Directions for this task:
Set down, word for word, only the lines from the start of the records through the line bearing "Kit 3 Calças"; include no pictures.

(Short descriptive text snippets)

--- START ---

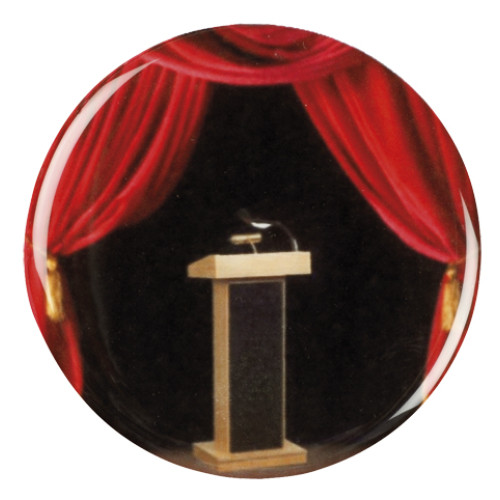 Debating podium with curtain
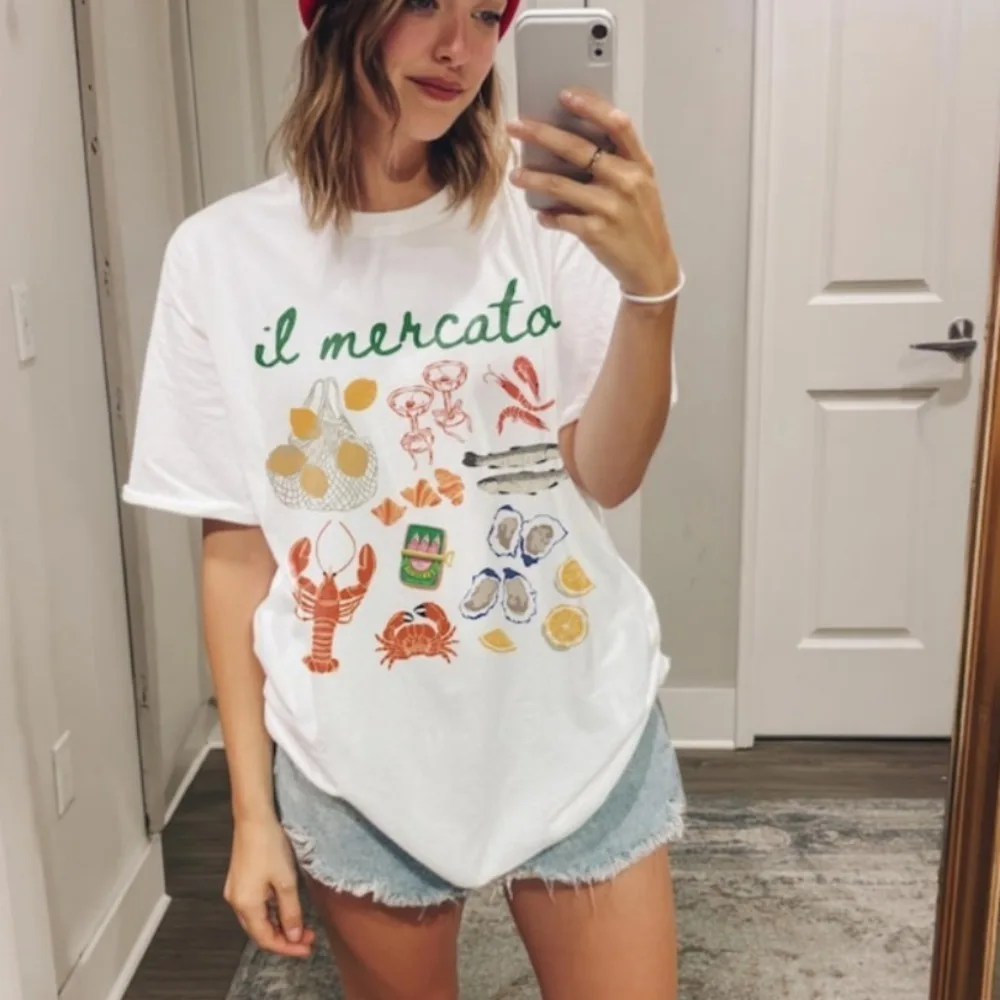Il Mercato camisa mercado italiano camisa sardinas camisa ostras Tops langosta ropa pescador estético sudadera mariscos Tops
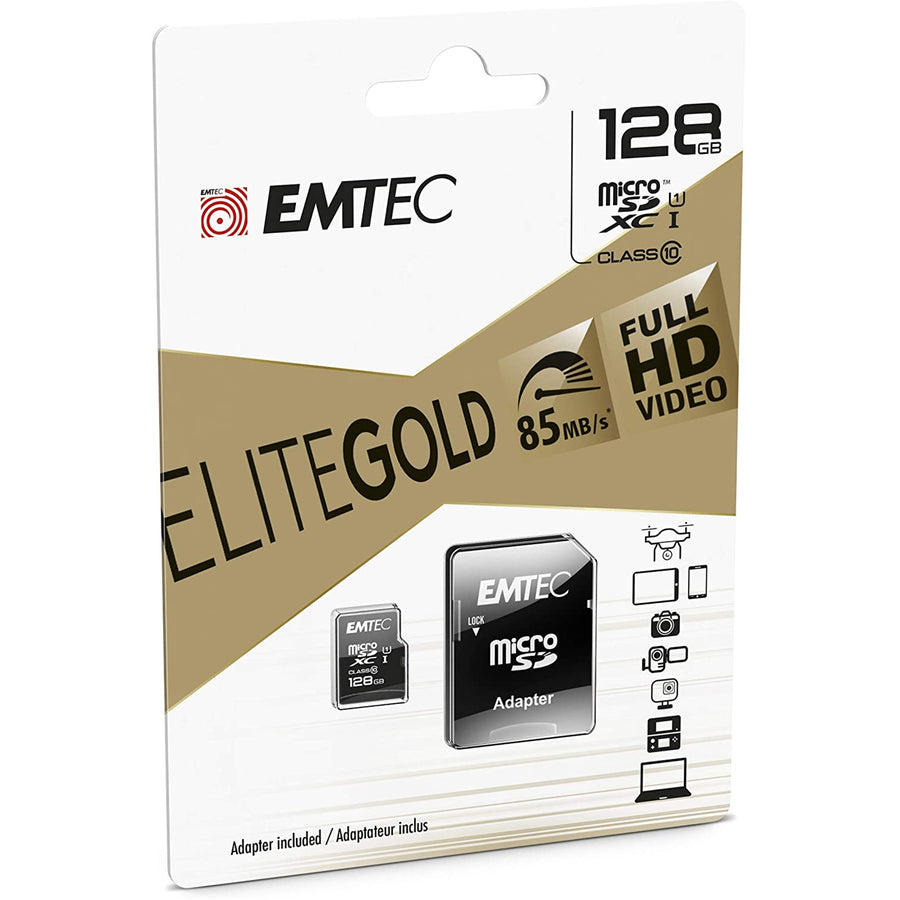 ECMSDM128GXC10GP - Emtec MicroSD Memory Card128GB Class 10 With SD Adapter Gold
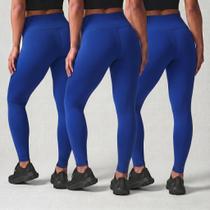 Kit 3 Calças Legging Feminina Cós Alto Academia Fitness Zero Transparência Suplex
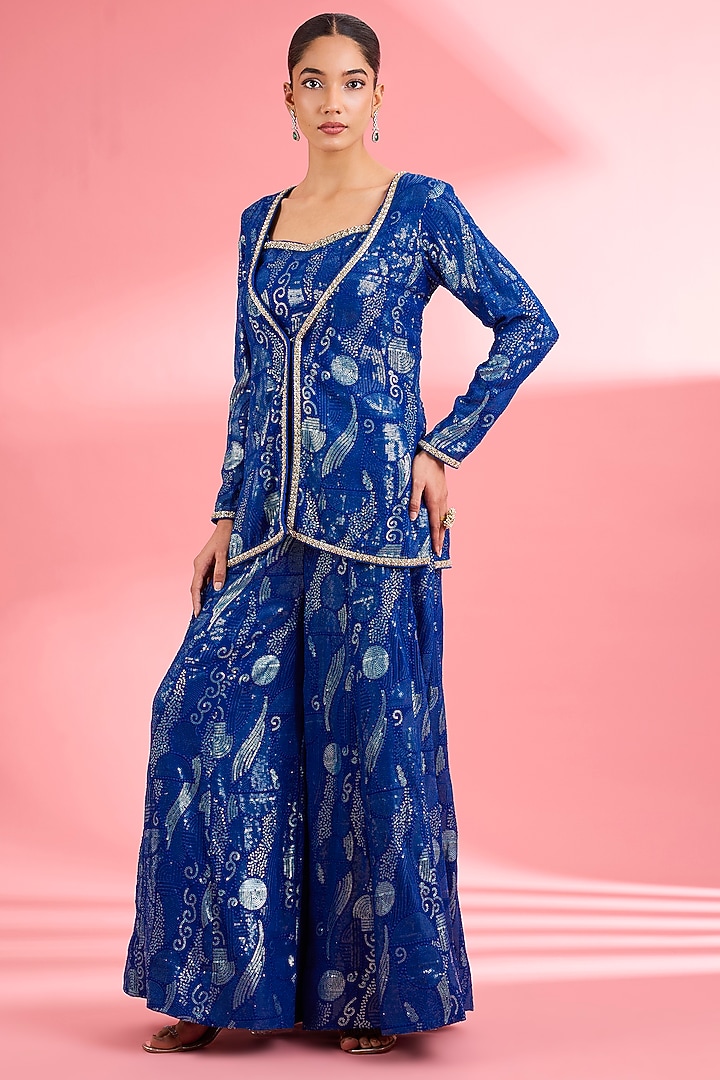 Royal Blue Georgette Party Wear Sharara Set by Milu Madan at Pernia's Pop Up Shop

--- END ---

Exercise result:
 Debating podium with curtain
Il Mercato camisa mercado italiano camisa sardinas camisa ostras Tops langosta ropa pescador estético sudadera mariscos Tops
 ECMSDM128GXC10GP - Emtec MicroSD Memory Card128GB Class 10 With SD Adapter Gold
 Kit 3 Calças Legging Feminina Cós Alto Academia Fitness Zero Transparência Suplex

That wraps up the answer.